◆ **Data to process**:
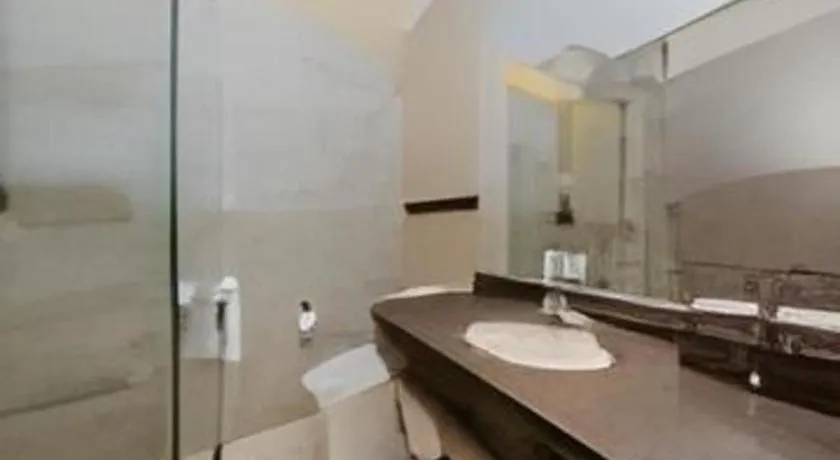 Yitel Shanghai Hongqiao Railway Station National Convention and Exhibition Center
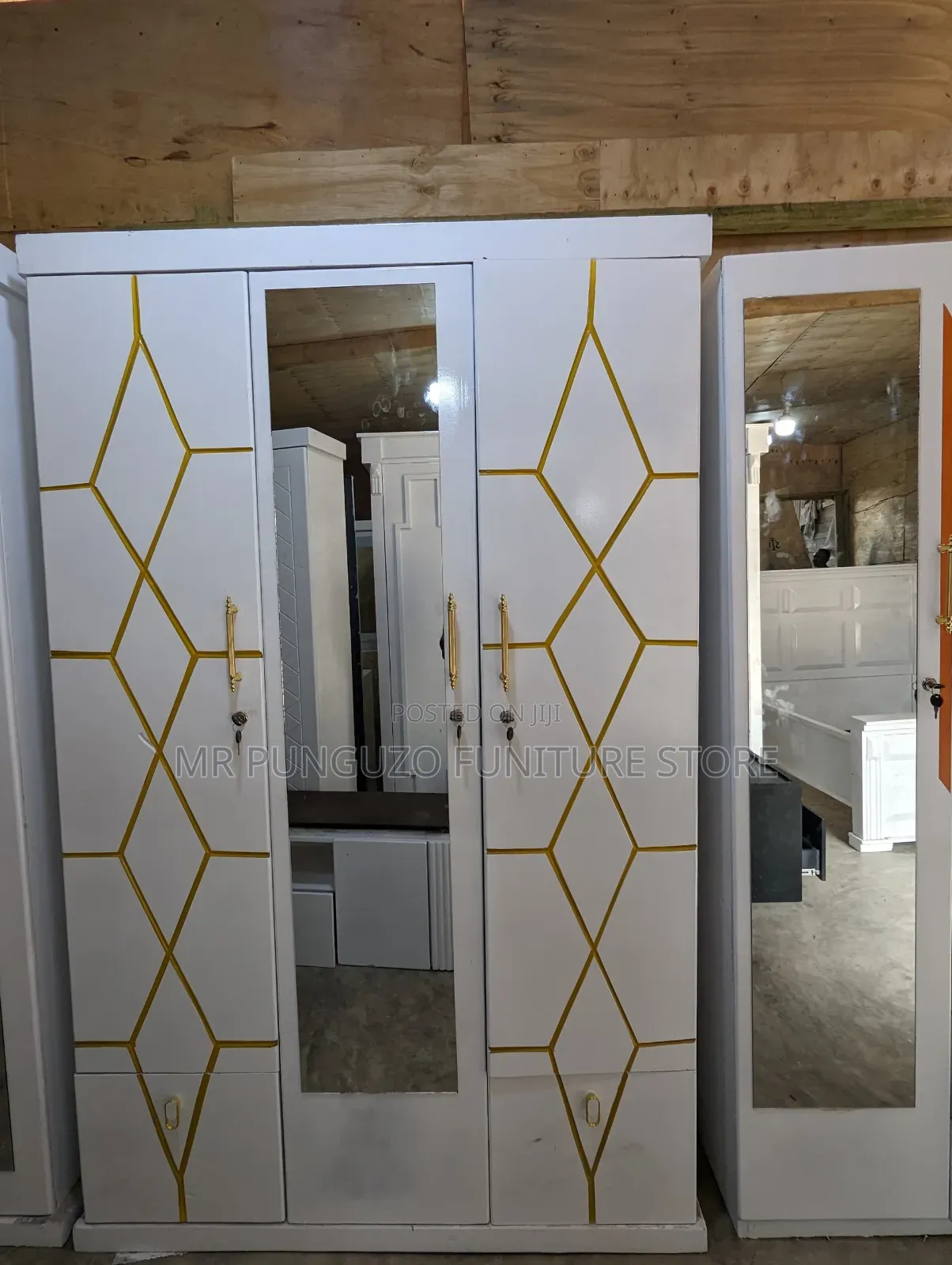 Bed Room Wardrobe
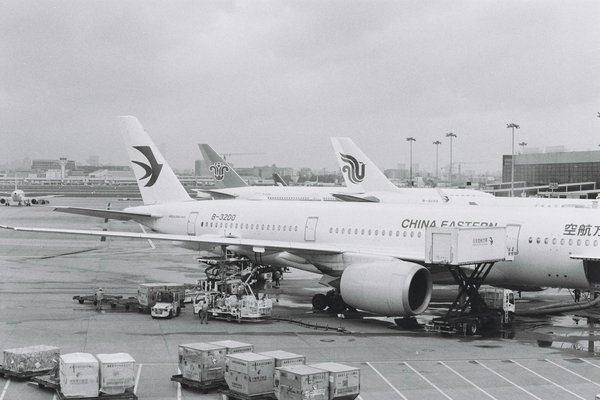 Chauffeur privé aéroport nice : voyagez l'esprit tranquille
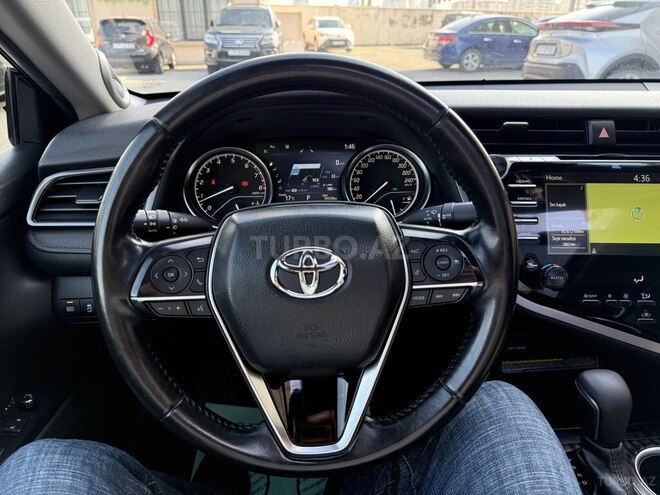 Toyota Camry-3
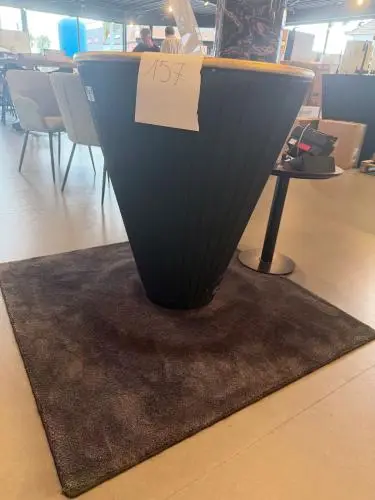 Ronde Bijzettafel Met Gouden Blad – kavel bij Openbare Verkopen, Waregem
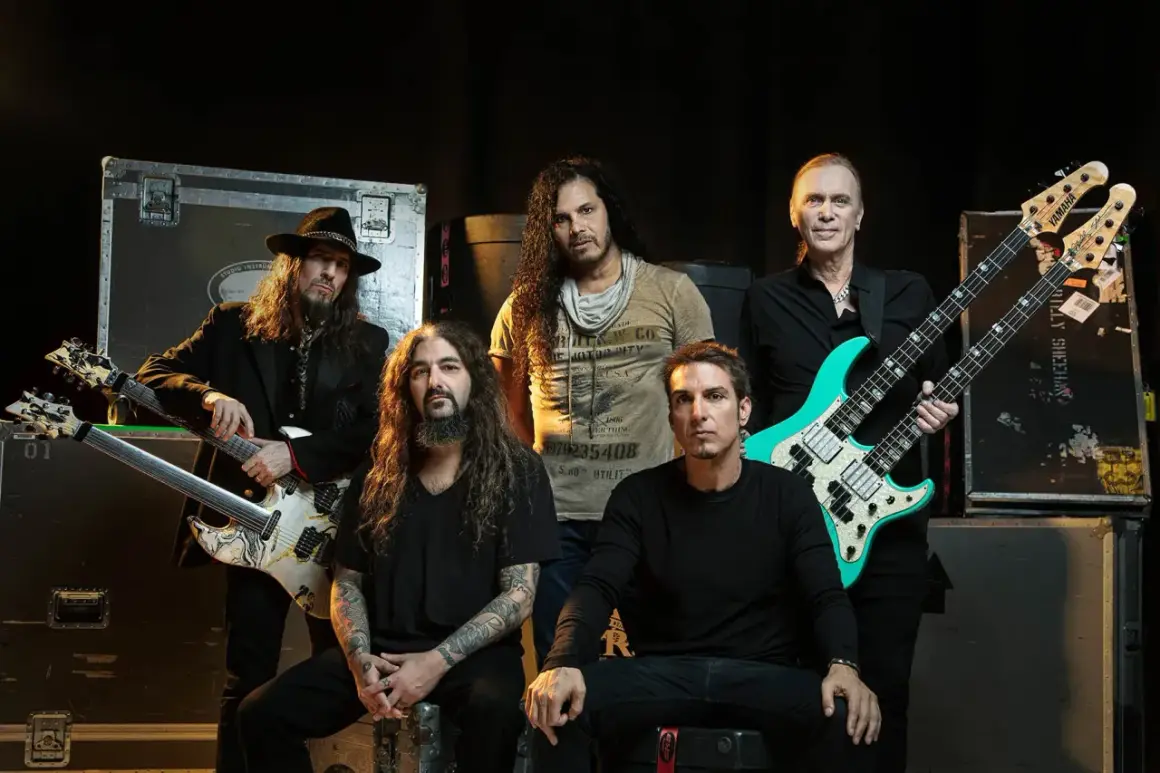 I **Sons of Apollo**, pronti a scatenare la loro musica. Cinque musicisti con chitarre e bassi, un'energia pura.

◆ **Problem details**: Reproduce the whole listing verbatim. Pictures stay out of the copy.

◆ **Task response**:
 Yitel Shanghai Hongqiao Railway Station National Convention and Exhibition Center
 Bed Room Wardrobe
 Chauffeur privé aéroport nice : voyagez l'esprit tranquille
 Toyota Camry-3
 Ronde Bijzettafel Met Gouden Blad – kavel bij Openbare Verkopen, Waregem
 I **Sons of Apollo**, pronti a scatenare la loro musica. Cinque musicisti con chitarre e bassi, un'energia pura.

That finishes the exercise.